● EXERCISE AIM
The text of every record, exactly as given and with no pictures, should be your output.

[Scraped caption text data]
BEGIN
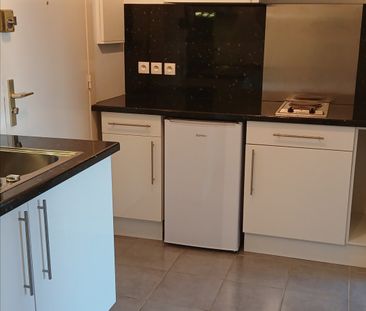 Location Appartement 2 pièces 32m² - Photo 2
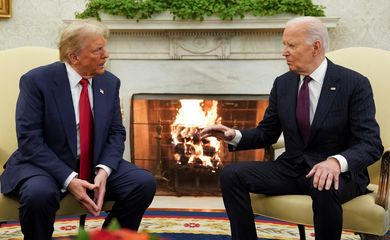 U.S. President Joe Biden meets with President-elect Donald Trump in the Oval Office at the White House in Washington, U.S., November 13, 2024. REUTERS/Kevin Lamarque/Proibida reprodução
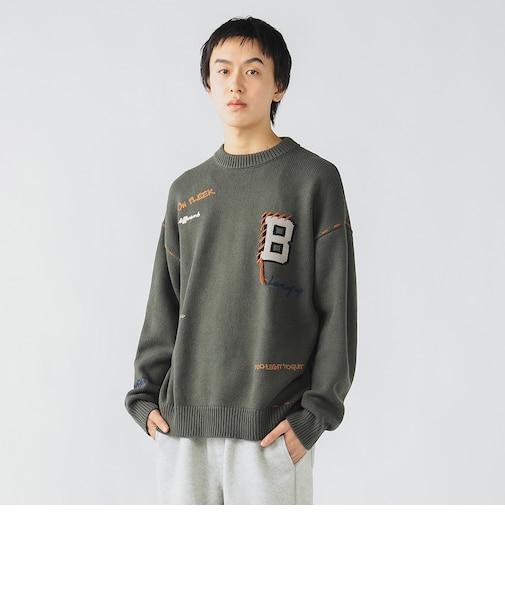 Bイニシャル レタード クルーネック ニット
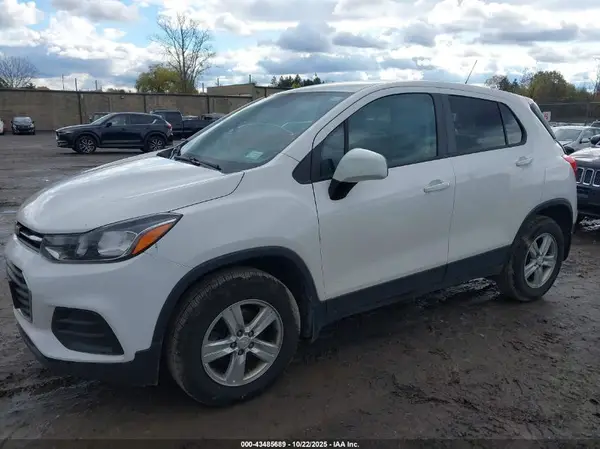 3GNCJNSB4LL118797 2020 CHEVROLET TRAX - Image 2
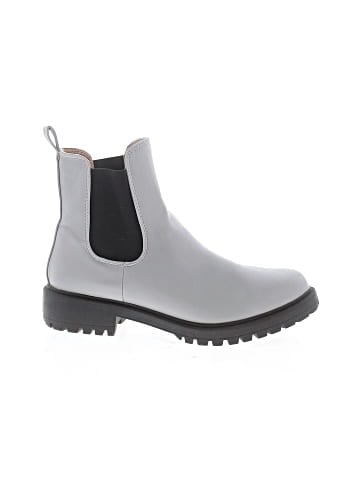 Journee Collection Ankle Boots (view 1)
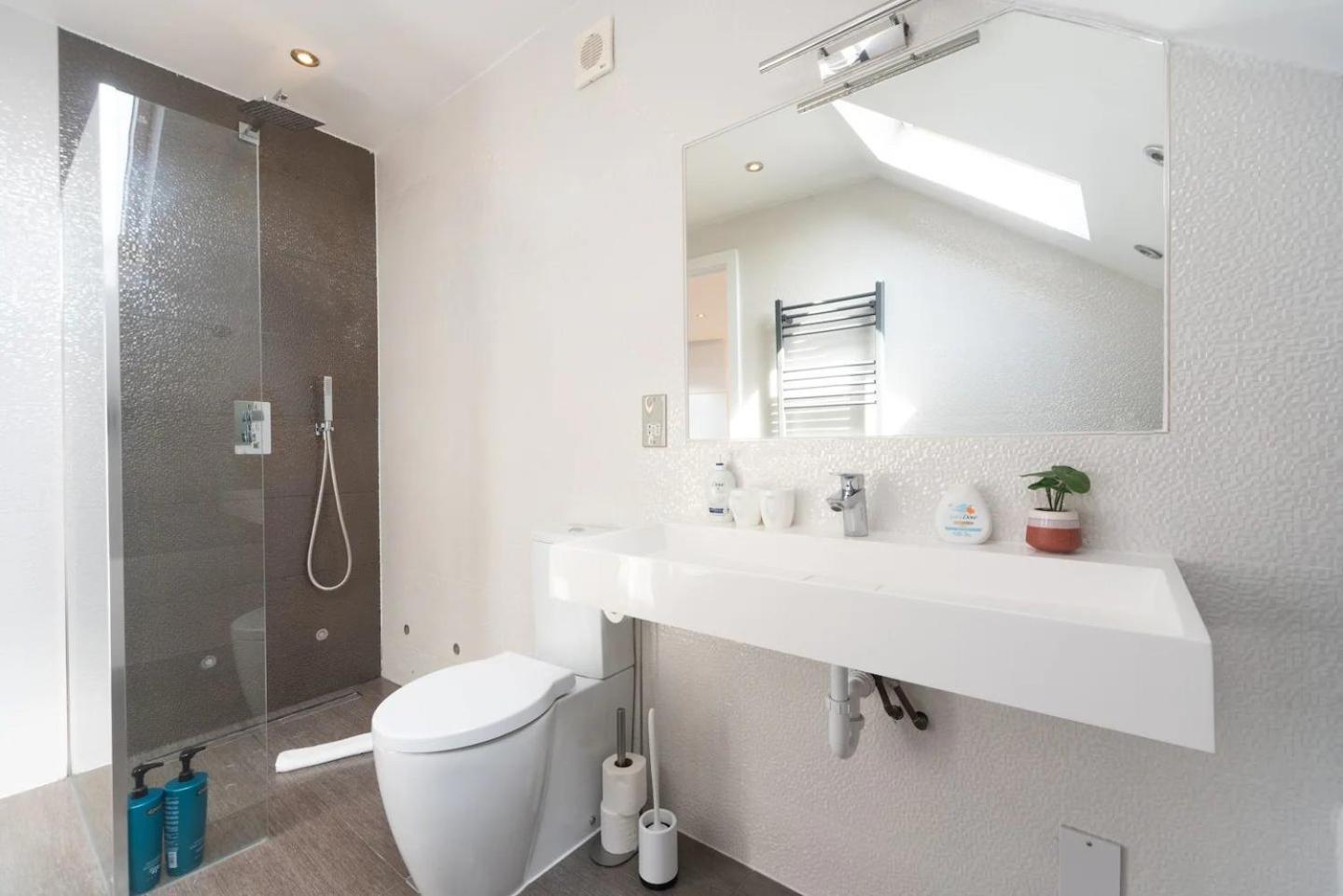 Stunning Spacious En-suite Flat - 6 Min To Trains -pass The Keys Appartamento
END
● RESPONSE FOR THIS EXERCISE
 Location Appartement 2 pièces 32m² - Photo 2
 U.S. President Joe Biden meets with President-elect Donald Trump in the Oval Office at the White House in Washington, U.S., November 13, 2024. REUTERS/Kevin Lamarque/Proibida reprodução
 Bイニシャル レタード クルーネック ニット
 3GNCJNSB4LL118797 2020 CHEVROLET TRAX - Image 2
 Journee Collection Ankle Boots (view 1)
 Stunning Spacious En-suite Flat - 6 Min To Trains -pass The Keys Appartamento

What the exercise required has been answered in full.